Any solution will however have to cater for the fact that authors may 
have multiple digital author identifiers, corresponding to different 
scheme’s. E.g.:
- an International Standard Name Identifier might one day look like 
urn:isni:12341234
- a researcher id looks like C-1234-2008 or 
http://www.researcherid.com/rid/ C-1234-2008
- a Dutch DAI looks like: info:eu-repo/dai/nl/12456454
- an open id might look like: https://me.yahoo.com/johndoe61

This means that any solutions that rely on attributes will either need 
to somehow store the identification scheme in the attribute, or have to 
rely on parsing the value to guess what scheme is applicable. @key has 
the added problem that it holds by definition only one value, so even if
    key="researcherid:C-1234-2008"
would work, it could not at the same time hold the International 
Standard Name Identifier for the researcher. @ref could hold multiple 
values, but must contain uri’s; we could have
    ref="info:eu-repo/dai/nl/12456454 https://me.yahoo.com/johndoe61"
but then software would have to guess what scheme is applicable.

This implies that for a robust solution we need a repeatable element 
that stores the identifier’s scheme as a type or scheme attribute, and 
the value either as text or as a value attribute. We can either create a 
new element for the purpose, e.g. <authorid>, or reuse an existing element.
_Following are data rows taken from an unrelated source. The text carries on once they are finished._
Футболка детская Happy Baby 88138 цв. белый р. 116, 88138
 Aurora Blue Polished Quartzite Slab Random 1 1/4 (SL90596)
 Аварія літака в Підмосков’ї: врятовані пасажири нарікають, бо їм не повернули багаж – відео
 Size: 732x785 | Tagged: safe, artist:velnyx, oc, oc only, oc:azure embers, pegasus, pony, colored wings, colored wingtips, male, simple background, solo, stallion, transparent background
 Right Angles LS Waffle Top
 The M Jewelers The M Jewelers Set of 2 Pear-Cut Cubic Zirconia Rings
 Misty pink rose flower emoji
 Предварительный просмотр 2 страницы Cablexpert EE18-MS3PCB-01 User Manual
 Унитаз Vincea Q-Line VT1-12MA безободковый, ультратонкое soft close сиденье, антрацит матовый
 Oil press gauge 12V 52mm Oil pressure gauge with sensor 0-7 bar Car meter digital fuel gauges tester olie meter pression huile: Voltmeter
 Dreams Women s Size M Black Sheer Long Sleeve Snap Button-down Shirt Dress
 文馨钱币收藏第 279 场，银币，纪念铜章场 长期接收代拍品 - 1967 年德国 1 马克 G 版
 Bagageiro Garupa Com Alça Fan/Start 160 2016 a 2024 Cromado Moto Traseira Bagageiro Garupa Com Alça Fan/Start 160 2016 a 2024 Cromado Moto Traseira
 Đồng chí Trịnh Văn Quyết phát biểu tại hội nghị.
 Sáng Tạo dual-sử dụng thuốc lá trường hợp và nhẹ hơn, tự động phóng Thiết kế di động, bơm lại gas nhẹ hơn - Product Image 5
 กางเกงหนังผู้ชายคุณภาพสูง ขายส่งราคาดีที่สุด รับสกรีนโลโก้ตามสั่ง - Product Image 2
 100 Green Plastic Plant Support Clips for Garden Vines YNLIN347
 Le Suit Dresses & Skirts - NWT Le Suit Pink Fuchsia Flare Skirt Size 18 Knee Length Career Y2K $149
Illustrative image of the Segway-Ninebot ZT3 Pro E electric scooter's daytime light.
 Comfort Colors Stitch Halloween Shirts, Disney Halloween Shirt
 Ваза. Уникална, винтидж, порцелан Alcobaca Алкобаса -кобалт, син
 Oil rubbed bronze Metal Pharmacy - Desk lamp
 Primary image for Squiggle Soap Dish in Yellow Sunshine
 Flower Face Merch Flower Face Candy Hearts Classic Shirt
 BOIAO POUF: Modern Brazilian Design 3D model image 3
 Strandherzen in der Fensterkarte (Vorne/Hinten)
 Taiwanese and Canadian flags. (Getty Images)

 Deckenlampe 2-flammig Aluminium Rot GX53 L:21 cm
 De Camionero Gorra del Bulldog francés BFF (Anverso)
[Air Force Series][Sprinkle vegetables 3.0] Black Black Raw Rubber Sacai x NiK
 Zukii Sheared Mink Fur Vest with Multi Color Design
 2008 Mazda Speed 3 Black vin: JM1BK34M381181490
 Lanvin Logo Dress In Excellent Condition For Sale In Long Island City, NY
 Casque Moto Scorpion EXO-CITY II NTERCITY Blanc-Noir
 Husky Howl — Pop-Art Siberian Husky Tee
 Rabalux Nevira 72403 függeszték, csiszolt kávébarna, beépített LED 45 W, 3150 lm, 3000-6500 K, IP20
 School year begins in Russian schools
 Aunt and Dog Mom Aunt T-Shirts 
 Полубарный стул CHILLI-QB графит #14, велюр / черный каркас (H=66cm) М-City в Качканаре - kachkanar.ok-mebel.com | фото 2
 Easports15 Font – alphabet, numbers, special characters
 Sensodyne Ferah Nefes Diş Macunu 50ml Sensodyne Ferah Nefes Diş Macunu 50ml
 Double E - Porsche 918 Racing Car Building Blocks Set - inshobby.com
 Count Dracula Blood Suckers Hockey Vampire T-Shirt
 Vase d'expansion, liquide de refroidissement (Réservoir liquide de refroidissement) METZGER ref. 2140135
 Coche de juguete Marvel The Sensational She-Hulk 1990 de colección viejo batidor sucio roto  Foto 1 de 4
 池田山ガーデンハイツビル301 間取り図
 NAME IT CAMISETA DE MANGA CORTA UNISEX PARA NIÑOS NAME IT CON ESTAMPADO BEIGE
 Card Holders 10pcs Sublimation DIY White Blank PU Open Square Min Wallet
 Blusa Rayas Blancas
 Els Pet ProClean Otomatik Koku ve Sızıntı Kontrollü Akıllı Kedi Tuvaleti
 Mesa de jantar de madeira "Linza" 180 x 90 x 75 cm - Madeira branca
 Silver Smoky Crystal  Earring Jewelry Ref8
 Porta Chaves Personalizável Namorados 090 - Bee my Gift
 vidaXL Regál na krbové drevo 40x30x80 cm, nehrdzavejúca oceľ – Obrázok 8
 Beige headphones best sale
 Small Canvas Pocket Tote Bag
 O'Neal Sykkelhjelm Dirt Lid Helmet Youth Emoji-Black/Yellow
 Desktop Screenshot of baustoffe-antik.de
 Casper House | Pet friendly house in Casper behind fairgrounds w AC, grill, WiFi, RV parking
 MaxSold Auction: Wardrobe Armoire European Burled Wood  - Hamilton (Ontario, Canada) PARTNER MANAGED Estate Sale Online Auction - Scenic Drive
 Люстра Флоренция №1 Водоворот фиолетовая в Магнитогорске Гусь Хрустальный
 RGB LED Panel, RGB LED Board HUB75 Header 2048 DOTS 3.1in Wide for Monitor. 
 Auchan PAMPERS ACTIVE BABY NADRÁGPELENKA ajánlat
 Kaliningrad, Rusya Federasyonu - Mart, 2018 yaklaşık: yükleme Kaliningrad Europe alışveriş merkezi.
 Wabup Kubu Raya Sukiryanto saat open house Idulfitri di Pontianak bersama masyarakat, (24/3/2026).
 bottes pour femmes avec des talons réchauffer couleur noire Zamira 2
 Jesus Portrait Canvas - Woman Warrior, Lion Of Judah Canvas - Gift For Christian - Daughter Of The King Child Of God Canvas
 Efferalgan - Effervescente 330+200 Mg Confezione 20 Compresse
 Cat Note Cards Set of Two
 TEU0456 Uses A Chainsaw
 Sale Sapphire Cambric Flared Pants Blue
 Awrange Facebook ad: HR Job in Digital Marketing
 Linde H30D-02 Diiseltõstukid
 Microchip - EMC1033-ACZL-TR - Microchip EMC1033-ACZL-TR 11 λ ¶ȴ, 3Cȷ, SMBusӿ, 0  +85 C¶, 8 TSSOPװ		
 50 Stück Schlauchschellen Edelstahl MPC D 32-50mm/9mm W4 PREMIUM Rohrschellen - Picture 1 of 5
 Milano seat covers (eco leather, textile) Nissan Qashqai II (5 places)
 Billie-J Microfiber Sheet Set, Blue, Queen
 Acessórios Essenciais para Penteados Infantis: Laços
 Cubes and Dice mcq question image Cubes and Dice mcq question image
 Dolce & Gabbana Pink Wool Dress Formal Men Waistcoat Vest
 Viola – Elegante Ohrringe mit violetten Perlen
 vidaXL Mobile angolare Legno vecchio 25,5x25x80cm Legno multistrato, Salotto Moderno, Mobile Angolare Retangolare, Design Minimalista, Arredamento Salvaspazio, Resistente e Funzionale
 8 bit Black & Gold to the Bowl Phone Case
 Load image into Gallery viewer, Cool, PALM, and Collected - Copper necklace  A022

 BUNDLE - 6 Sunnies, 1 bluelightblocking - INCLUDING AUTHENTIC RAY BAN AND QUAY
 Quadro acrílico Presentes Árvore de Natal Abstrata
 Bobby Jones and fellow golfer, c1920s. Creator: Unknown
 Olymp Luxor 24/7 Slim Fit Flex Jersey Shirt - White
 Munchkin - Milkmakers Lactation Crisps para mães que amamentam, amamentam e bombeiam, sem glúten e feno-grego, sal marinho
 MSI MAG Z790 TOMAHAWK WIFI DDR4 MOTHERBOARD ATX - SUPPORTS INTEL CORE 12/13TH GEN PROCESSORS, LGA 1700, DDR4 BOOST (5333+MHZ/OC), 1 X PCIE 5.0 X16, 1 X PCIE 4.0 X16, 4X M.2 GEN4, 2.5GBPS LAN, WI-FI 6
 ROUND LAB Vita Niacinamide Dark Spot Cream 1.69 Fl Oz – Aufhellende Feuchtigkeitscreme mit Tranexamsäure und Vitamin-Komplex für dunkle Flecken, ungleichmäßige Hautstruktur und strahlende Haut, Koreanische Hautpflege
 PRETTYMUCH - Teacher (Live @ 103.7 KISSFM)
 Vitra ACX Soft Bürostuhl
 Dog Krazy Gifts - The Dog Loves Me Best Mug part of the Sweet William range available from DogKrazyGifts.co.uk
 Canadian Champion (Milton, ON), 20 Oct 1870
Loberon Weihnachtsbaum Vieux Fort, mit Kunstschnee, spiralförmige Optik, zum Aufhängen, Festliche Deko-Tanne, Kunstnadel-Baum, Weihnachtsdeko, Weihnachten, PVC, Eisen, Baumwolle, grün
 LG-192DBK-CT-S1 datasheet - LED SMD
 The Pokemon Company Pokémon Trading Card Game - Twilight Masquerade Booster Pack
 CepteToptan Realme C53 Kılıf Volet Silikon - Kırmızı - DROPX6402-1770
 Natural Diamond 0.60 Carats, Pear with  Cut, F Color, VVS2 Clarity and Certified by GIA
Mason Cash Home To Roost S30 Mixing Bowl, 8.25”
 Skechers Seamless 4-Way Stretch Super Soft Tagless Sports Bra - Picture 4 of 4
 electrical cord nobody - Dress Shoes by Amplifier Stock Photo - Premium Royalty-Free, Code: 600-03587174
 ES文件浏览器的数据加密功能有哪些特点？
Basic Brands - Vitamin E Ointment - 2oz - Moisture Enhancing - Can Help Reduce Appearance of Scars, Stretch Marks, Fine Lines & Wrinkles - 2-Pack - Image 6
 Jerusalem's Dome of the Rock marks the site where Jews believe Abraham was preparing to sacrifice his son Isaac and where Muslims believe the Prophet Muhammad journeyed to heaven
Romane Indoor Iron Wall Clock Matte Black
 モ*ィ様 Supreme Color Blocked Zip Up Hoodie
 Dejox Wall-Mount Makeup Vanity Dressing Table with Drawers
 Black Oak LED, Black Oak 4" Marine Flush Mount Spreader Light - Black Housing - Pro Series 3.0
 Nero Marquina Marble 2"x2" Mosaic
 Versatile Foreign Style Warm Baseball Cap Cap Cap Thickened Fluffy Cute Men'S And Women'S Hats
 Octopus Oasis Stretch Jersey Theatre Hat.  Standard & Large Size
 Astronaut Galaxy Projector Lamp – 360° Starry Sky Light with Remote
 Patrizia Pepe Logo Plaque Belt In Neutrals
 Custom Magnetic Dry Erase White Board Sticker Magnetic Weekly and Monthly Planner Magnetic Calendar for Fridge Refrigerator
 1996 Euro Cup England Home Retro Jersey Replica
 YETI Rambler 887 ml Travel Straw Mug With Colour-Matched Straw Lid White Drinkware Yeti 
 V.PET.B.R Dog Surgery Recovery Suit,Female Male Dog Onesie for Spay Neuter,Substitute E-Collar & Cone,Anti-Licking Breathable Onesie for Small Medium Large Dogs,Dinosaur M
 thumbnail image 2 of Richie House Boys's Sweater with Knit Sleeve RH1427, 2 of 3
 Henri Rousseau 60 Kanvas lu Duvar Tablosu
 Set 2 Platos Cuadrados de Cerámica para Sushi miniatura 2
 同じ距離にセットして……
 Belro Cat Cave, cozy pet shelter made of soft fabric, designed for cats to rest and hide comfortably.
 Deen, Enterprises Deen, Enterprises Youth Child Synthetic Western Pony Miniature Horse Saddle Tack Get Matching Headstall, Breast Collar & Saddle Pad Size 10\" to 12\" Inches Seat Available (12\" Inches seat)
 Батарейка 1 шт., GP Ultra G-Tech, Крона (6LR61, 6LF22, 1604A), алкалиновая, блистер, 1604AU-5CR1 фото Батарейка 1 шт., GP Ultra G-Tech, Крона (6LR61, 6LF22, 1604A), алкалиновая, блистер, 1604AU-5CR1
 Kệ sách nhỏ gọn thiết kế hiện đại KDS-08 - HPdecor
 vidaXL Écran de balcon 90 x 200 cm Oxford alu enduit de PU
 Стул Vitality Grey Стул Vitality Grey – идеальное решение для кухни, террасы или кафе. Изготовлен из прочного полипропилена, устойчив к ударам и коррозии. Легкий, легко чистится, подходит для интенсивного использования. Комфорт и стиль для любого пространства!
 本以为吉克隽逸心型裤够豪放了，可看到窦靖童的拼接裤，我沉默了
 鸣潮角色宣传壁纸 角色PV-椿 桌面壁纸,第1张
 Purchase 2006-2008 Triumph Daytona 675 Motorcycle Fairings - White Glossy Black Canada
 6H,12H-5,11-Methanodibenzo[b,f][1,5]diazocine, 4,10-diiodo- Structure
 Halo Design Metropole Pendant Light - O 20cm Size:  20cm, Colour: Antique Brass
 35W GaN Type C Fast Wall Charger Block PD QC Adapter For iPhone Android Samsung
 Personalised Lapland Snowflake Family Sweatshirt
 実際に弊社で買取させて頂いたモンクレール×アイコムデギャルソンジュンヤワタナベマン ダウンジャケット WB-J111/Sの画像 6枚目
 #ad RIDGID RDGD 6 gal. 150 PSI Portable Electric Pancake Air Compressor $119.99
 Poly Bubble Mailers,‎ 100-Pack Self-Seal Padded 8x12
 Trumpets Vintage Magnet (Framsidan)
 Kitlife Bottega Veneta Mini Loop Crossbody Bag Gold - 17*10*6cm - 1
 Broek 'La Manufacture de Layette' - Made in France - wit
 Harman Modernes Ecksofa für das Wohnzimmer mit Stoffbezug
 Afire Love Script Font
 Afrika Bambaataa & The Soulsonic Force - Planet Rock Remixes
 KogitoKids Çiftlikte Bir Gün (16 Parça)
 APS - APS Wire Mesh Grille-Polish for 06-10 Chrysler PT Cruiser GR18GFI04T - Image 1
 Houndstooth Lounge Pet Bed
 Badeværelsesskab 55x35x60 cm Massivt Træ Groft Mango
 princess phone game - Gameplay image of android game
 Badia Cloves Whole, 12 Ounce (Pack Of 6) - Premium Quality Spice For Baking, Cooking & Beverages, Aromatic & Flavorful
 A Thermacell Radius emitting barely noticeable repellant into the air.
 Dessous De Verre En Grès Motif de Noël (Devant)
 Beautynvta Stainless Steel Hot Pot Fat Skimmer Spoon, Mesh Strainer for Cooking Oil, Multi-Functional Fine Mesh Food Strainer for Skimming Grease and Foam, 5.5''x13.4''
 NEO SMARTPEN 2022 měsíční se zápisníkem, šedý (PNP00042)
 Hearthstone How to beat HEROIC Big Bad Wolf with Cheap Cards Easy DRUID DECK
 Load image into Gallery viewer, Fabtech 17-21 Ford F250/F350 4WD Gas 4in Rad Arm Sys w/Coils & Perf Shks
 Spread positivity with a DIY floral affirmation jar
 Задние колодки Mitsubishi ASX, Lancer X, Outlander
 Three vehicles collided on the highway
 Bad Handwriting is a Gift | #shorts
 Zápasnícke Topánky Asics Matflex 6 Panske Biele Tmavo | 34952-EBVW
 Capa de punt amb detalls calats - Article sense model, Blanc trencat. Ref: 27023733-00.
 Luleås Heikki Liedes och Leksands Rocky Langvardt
The proposal here is to use the existing <idno> element. The need to 
identify authors is exactly analogous to the need to identify 
bibliographic elements such as articles or monographs, the element has 
already an appropriately generic name, and I see no reason why not to 
use it. This does not involve, as Syd wrote on the TEI in Libraries 
mailing list 
(https://listserv.indiana.edu/cgi-bin/wa-iub.exe?A2=ind0901B&L=TEILIB-L&T=0&F=&S=&P=2774), 
a ‘semantic shift’: <idno> would have the same meaning it always had, it 
would just be applied to new elements.

This would involve:
- changing the definition of idno from ‘supplies any standard or 
non-standard number used to identify a bibliographic item’ to e.g. 
‘supplies any standard or non-standard number used to identify 
bibliographic elements’
- adding <idno> to <author>’s content model, presumably as its first 
element.

We could then have e.g.
<author>
    <idno type="nldai">info:eu-repo/dai/nl/12456454</idno>
    <idno type="openid">https://me.yahoo.com/johndoe61</idno>
   John Doe
</author>

[1] TePaske-King, B. and Richert, N. (2001), 'The identification of 
authors in the Mathematical Reviews Database', Issues in Science and 
Technology Librarianship, 31.
[2] Bourne, Philip E. and Fink, J. Lynn (2008), 'I Am Not a Scientist, I 
Am a Number', PLoS Computational Biology, 4 (12), e1000247.
[3] Danskin, Alan, et al. (2008), 'A review of the current landscape in 
relation to a proposed Name Authority Service for UK repositories of 
research outputs', (JISC).
[4] Cals, J. W. L. and Kotz, D. (2008), 'Researcher identification: the 
right needle in the haystack', The Lancet, 371 (9631), 2152-53.